Ci-dessous, le texte de ma déclaration qui sera lue par ma fille Juliette Memmi, à l’inauguration de la plaque au nom de mon frère Albert Memmi, qui ornera la place à l’angle de la rue du Temple et de la rue de la Verrerie, dans le 4e arrondissement de Paris :
« Te voilà installé, mon cher frère Albert, au regard de toutes et de tous, dans ton propre quartier, à quelques minutes à pied de l’appartement que tu as occupé au 5 rue Saint-Merri, sans interruption, à partir du 1er novembre 1956 et jusqu’à ton dernier souffle le 22 mai 2020 soit pendant près de soixante-quatre ans. Ce quartier du Marais que tu aimais par-dessus tout, parce qu’il était proche de la Seine, du Quartier latin, de la Sorbonne, Paris, cette ville que jamais tu n’aurais quittée, pour aucun autre lieu du monde, dont tu étais, me disais-tu, amoureux, presque charnellement.

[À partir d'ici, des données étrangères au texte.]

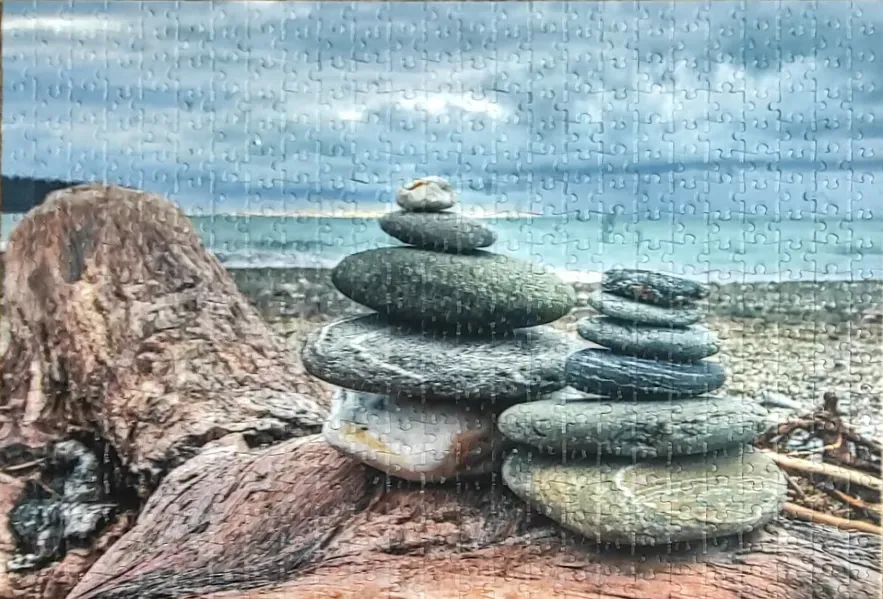 Two stone cairns balanced on a piece of driftwood on a beach under a cloudy sky.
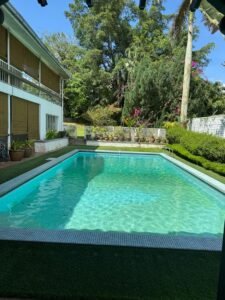 Comfortable bungalow for rent in Bukit Tunku, Kuala Lumpur. 5 bedrooms, 7 bathrooms, 1 maid room, garden, balcony, swimming pool, and parking. Rental price RM 25,000/month. Spacious layout with modern finishes and greenery views.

Je sais qu’il t’arrivait d’être amer de n’avoir reçu aucun grand prix littéraire national pour récompenser ton œuvre immense, reconnue par tous, et traduite dans plus de trente pays, persuadé, à juste titre, que tu aurais mérité le Renaudot pour n’importe lequel de tes Essais, le prix Fémina pour Agar, et surtout le prix Goncourt pour ton prodigieux roman Le Pharaon.
Tu m’avais dit, et je sais que tu l’avais répété à des amis tunisiens, que tu rêvais d’une rue, ô, d’une simple petite rue dans Tunis que tu n’avais jamais oublié.
Aujourd’hui, n’est-ce pas la plus belle, et la plus émouvante consécration que l’on t’offre, en créant une place, non pas à Tunis, puisque finalement les Tunisiens ne t’ont pas compris, mais à Paris, au sein même de ton quartier, à deux pas de l’Hôtel de Ville de Paris, à ton nom, oui, Albert Memmi, pour la postérité. Tout d’abord la Matie de Paris avait pensé à ajouter à ton nom Écrivain et philosophe, puis c’est Hommes de lettres, défenseurs des minorités qui a été retenu.
Quels mots pour exprimer notre émotion et notre fierté, nous tous, qui t’aimions avec respect, et t’admirions pour ton intelligence et ta simplicité. Tes trois enfants d’abord : Daniel, Dominique et Nicolas, et nous, tes quatre sœurs : Ginette, Edna, Denise et Madeleine, tes trois frères : Georges, Yigal et moi-même, Max, ton petit frère, dont je sentais bien que j’étais ton préféré. Et les si nombreux neveux et nièces, puisque cette progéniture a généré, m’a -t-on dit, une descendance de plus de cent personnes.
Toi qui, malgré ton esprit farouchement rationaliste, refusais de croire à une quelconque forme de vie après la mort, mais qui rêvais tout de même de laisser une trace, et bien te voilà comblé, une place publique à ton nom, une place, mieux qu’une rue, car une place, c’est comme un carrefour ? Ce carrefour symbolique auquel tu t’es toujours confronté.
Et pour conclure, quoi que tu aies pu dire à ce sujet, allez, je te souhaite, tout de même mon cher frère Albert, une douce béatitude dans une éternité heureuse… Pas trop studieuse, tout de même".